That is AWESOME!!!! She has to be loving it now. Way to get it done!!!!


----------



## DL07 (Jul 21, 2011)




----------



## RJDowm (Feb 1, 2021)

Great deer


----------



## deerslayer (May 10, 2006)

DL07 said:


> My wife was able to get it done tonight. She has worked hard all year and spent many of cold days in the blind. Finally the big boy we have been watching came out and this time he didnt leave on his own.
> View attachment 463290


----------



## deerslayer (May 10, 2006)

Awesome deer. Congrats.


----------



## crappiedude (Mar 12, 2006)

Great deer and great story, congrats to the Mrs.


----------



## fireline (Jun 14, 2007)

Congratulations on a very nice mature buck.


----------



## Muddy (May 7, 2017)

Great picture and congrats.


----------



## buckeyebowman (Feb 24, 2012)

Every time I counted points on that buck, I came up with a different number!

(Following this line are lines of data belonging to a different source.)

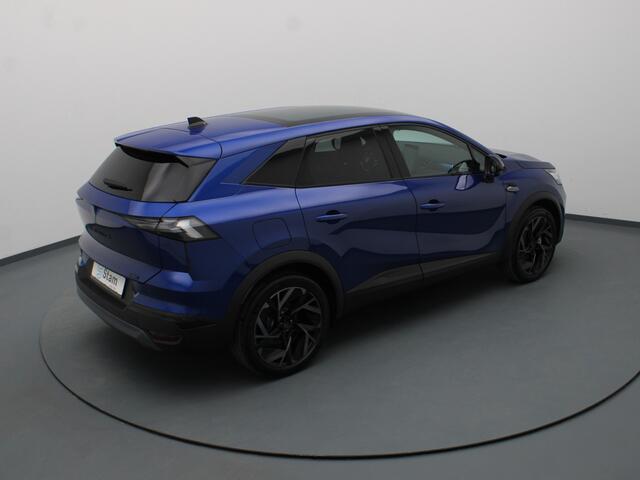Renault Symbioz 1.8 E-Tech full hybrid 160 esprit Alpine Harman Kardon | 360° Camera | Parkeersens. v+a | Stoel-/stuur-/voorruitverw. | Panoramadak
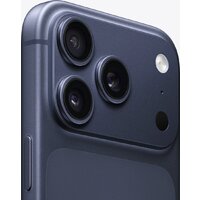 Apple iPhone 17 Pro 1TB (глубокий синий) Image #4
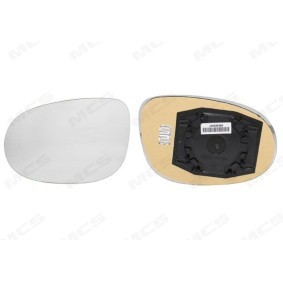 Spiegelglas, Außenspiegel 331516950 von MCS günstig für 50,34 € online kaufen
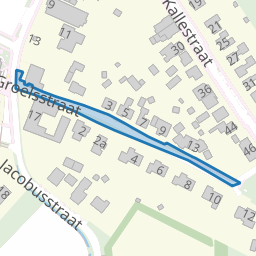 Perceel HSL00-B-2919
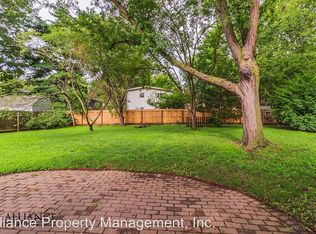 1617 Browning Ave, Manhattan, KS 66502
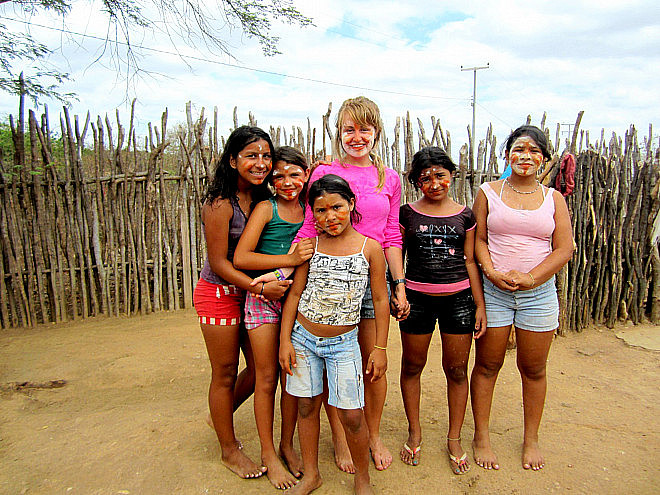 “Interning at MADRE, an international women's human rights organization, enabled me to work alongside human rights experts, ga...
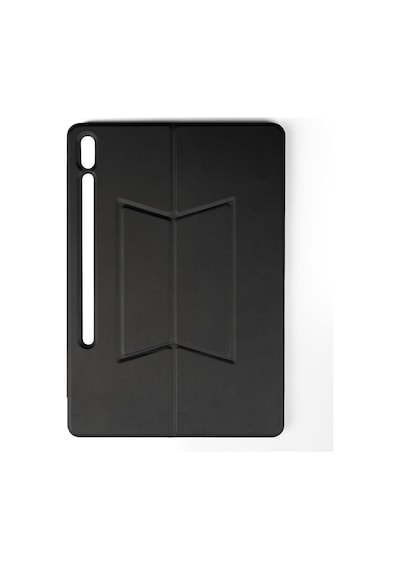 Samsung Galaxy Uyumlu Tab S11 Ultra 14.6inç X930 X936b Kılıf Kablosuz Klavyeli Case Mobax Türkçe Kılıf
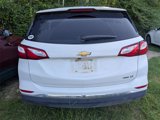 Used 2018 Chevrolet Equinox LT image 3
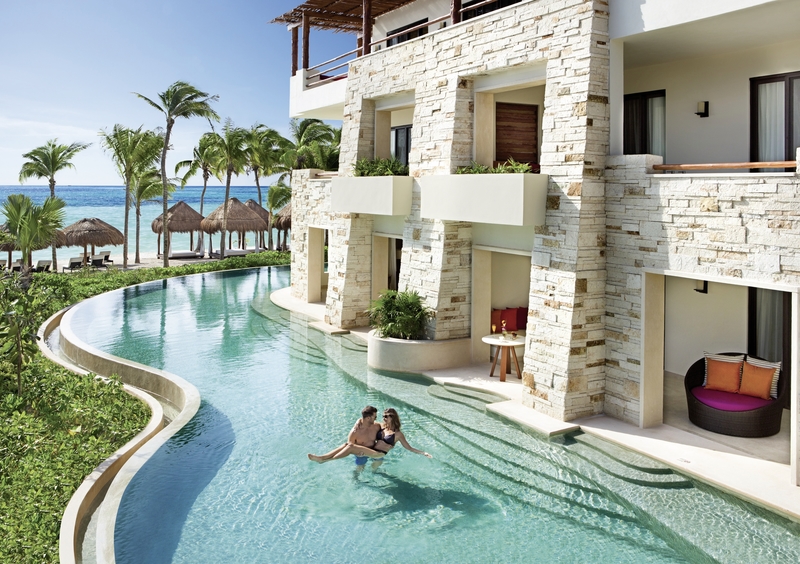 Secrets Akumal Riviera Maya 5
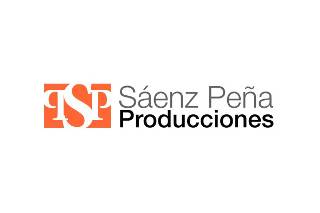 Sáenz Peña Producciones logo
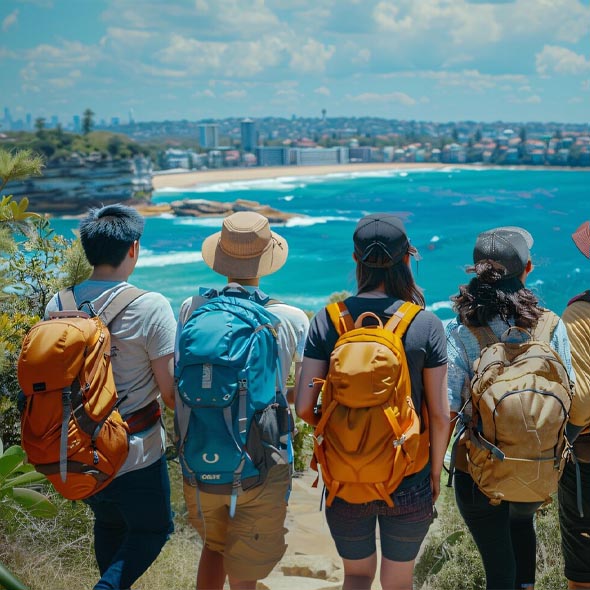 Group Travel & Incentives 1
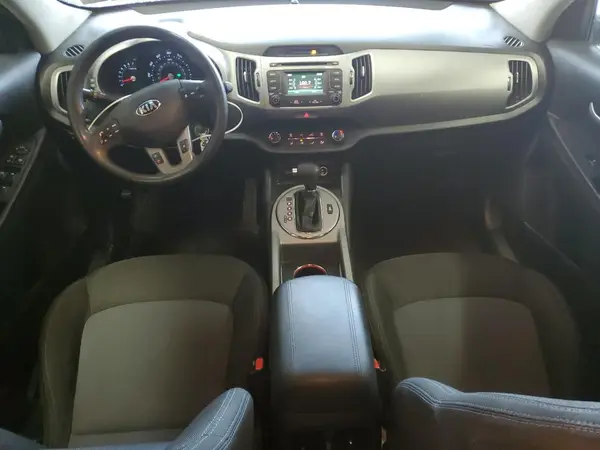 KNDPBCAC2G7874032 2016 KIA SPORTAGE - Image 8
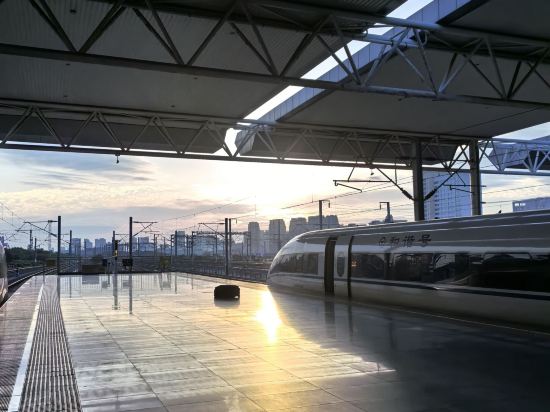 合肥高新區創新產業園銀泰城亞朵飯店優惠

My last count is 14. How close am I?

Great buck BTW, but I'm afraid that your wife is now spoiled. Also addicted!


----------



## DL07 (Jul 21, 2011)

Buckeyebowman you are correct 14 points. She is for sure addicted. She just said last night that its time for her to look onto getting her own crossbow. My son and her have been sharing 1 all season Lol.


----------



## G-Patt (Sep 3, 2013)

Congrats to the Mrs. and having a family who are ate-up with hunting for years to come!


----------



## meatwagon (Aug 13, 2007)

What county that beast come from?Congrats!!!

Sent from my SM-G970U using Tapatalk


----------



## DL07 (Jul 21, 2011)

Summit county.


----------



## Kenlow1 (Jul 14, 2012)

That's gonna be a great mount? I assume she is getting it mounted? Gonna be a tough deer to beat-yes now spoiled for life! Way to be persistant and not give up, right down to the wire!


----------



## DL07 (Jul 21, 2011)

Yes he is at the taxidermist. The man cave is going to look a lot different this summer. Wife and son both getting their 1st bucks and both being mounted. My buck is getting a euro mount. We were blessed with a great season and a freezer full of meat. I will be out tomorrow with my son hopping he can fill 1 more doe tag.


----------



## Crappiemike09 (Nov 3, 2014)

I think I was after the same deer this year heck of a nice one congrats


----------



## DL07 (Jul 21, 2011)

Pm sent to you Crappiemike


----------



## Fishballz (Aug 15, 2015)

Wow, how close do you guys hunt to each other? That's pretty crazy

Sent from my moto g(7) play using Tapatalk


----------



## DL07 (Jul 21, 2011)

Well after some texts back and forth last night it appears we are not very from from each other at all. Id guess half mile maybe. It was really cool to talk with Crappiemike and share some pictures.


----------



## Crappiemike09 (Nov 3, 2014)

Yeah I would say about a half mile dl07 has the spot thow where the deer are living


----------



## Buckeye509 (Feb 18, 2021)

Nice deer! Congratulations all the way around.


----------